New developments in state estimation for INS/GPS integrated systems

This paper proposes a new filter for INS/GPS integration based on a new interpolation formula known as Discrete Singular Convolution (DSC)-based Generalized Finite Difference. Singular convolutions are essential to many science and engineering problems such as stochastic process analysis. By appropriate approximation of a singular kernel in DSC scheme, the discrete singular convolution can be an extremely efficient, accurate and reliable algorithm for practical applications. The theory of distribution and wavelet analysis form the mathematical foundation of DSC. The objective is to explore the utility of the DSC algorithm for the development of a new filter for INS/GPS integration system.
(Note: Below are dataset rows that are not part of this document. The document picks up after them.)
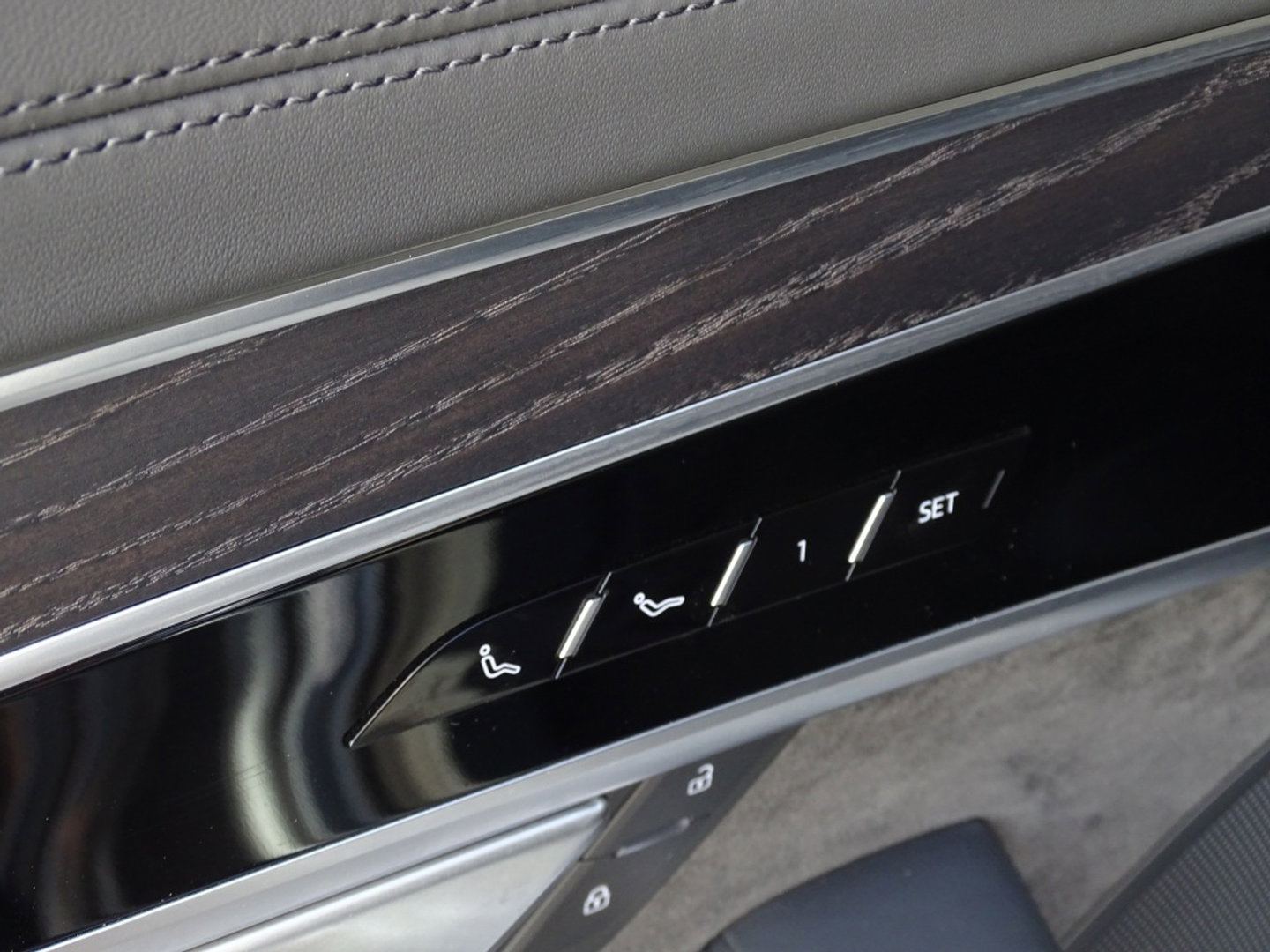 Audi A8 60 TFSie Lang 449PK S-line / B&O / TV's / alcanatara / softclose / massage / 360°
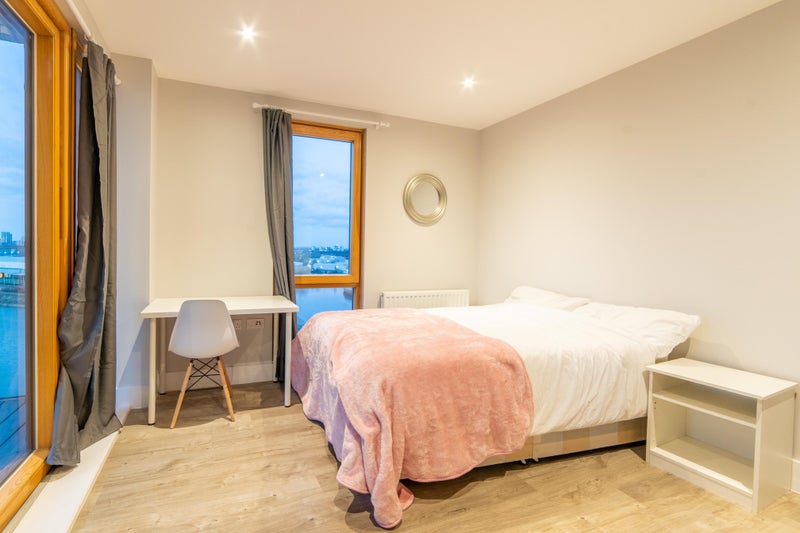 Double room in East India/Canning Town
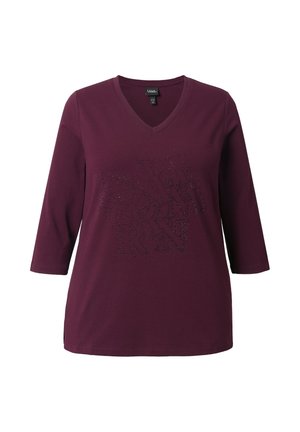 T-shirt borgogna a scollo a V con maniche a tre quarti e un design testurizzato di lettere abbellito con strass sul davanti.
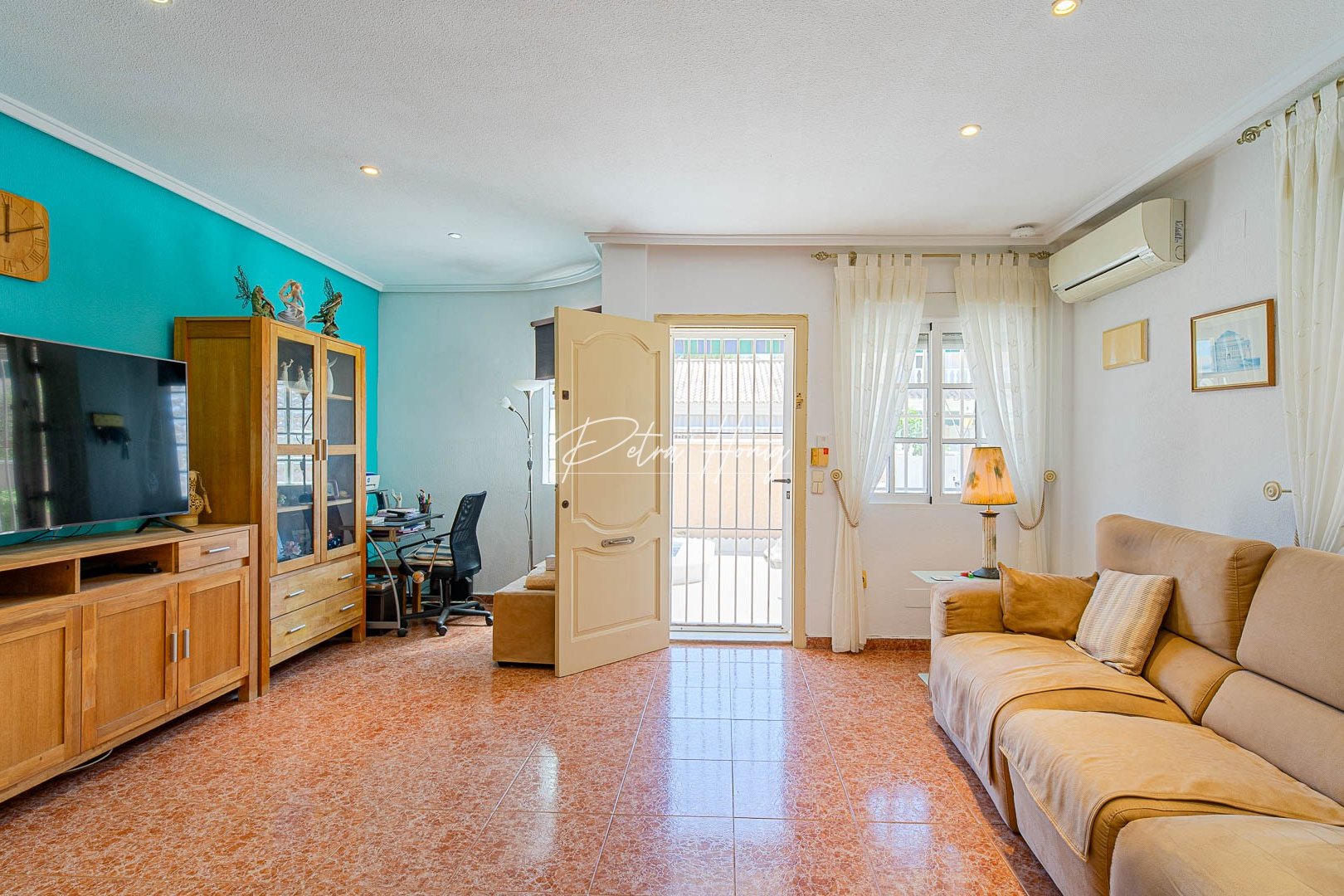 Resales - Villa - Punta Prima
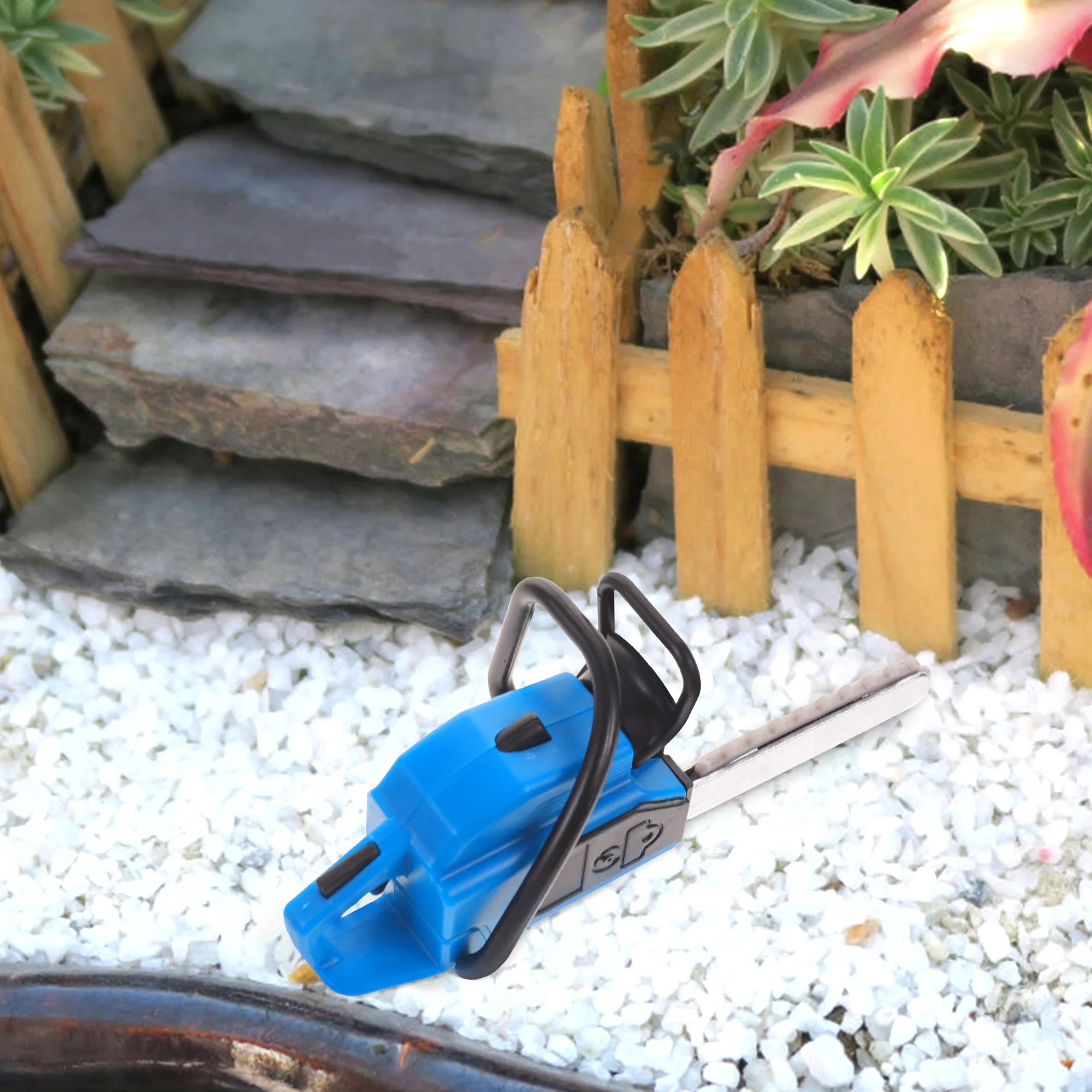 

Mini Chainsaw Prop with Exquisite Workmanship Mini House Decoration Accessory Realistic Small Electric Chainsaw for Photography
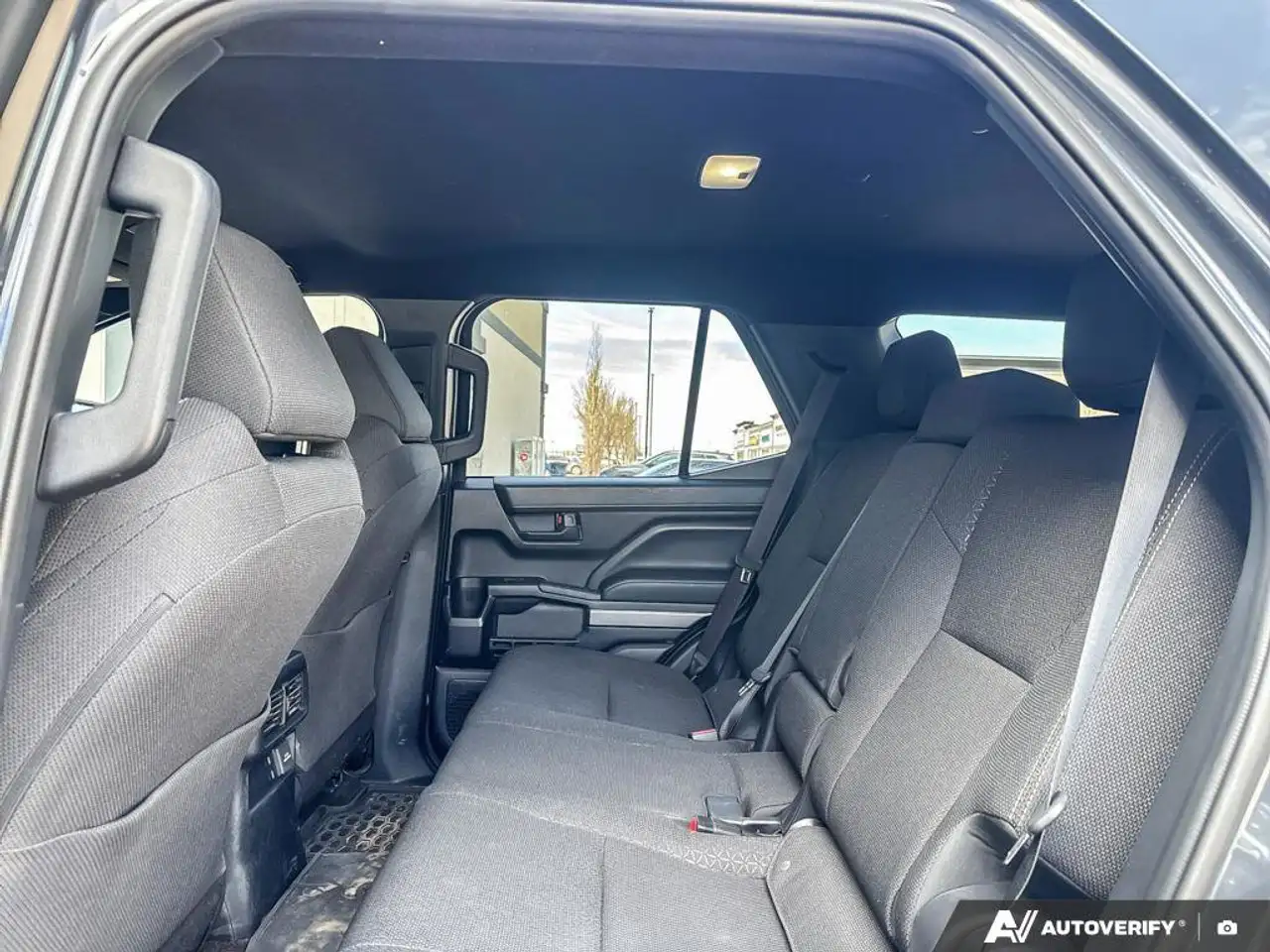 Toyota 4-Runner снимка Toyota 4-Runner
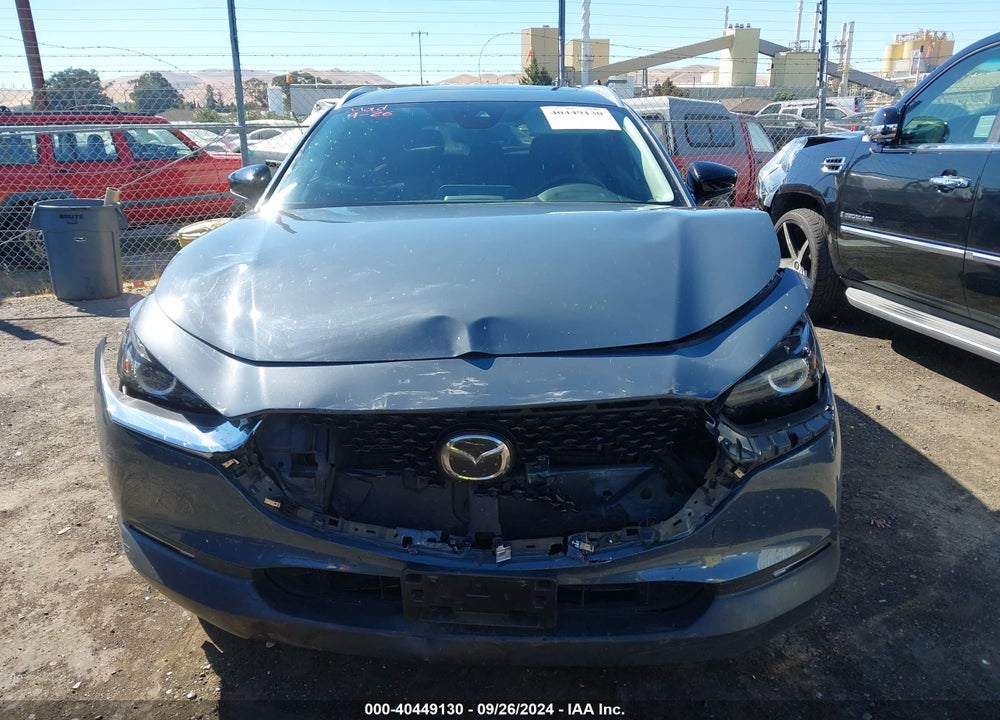 2022 MAZDA CX-30 CARBON EDITION VIN: 3MVDMBCL8NM446620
The significance of this paper is that the higher order DSC-based finite difference approximation can be considered by implicitly calculating the DSC-based first and second partial differentiations (Jacobian and Hessian approximation) involved in the second order modified Gaussian Kalman filter (SOKF) scheme. To examine the performance of the proposed filter, dual frequency GPS/INS data are collected onboard a hydrographic surveying vessel owned by the Canadian Hydrographic Service (CHS). The unscented Kalman filter (UKF) is also examined and compared with the developed DSC-based SOKF. It is shown that the accuracy (RMS error) of the developed DSC-based SOEKF state estimator is better than the UKF estimator.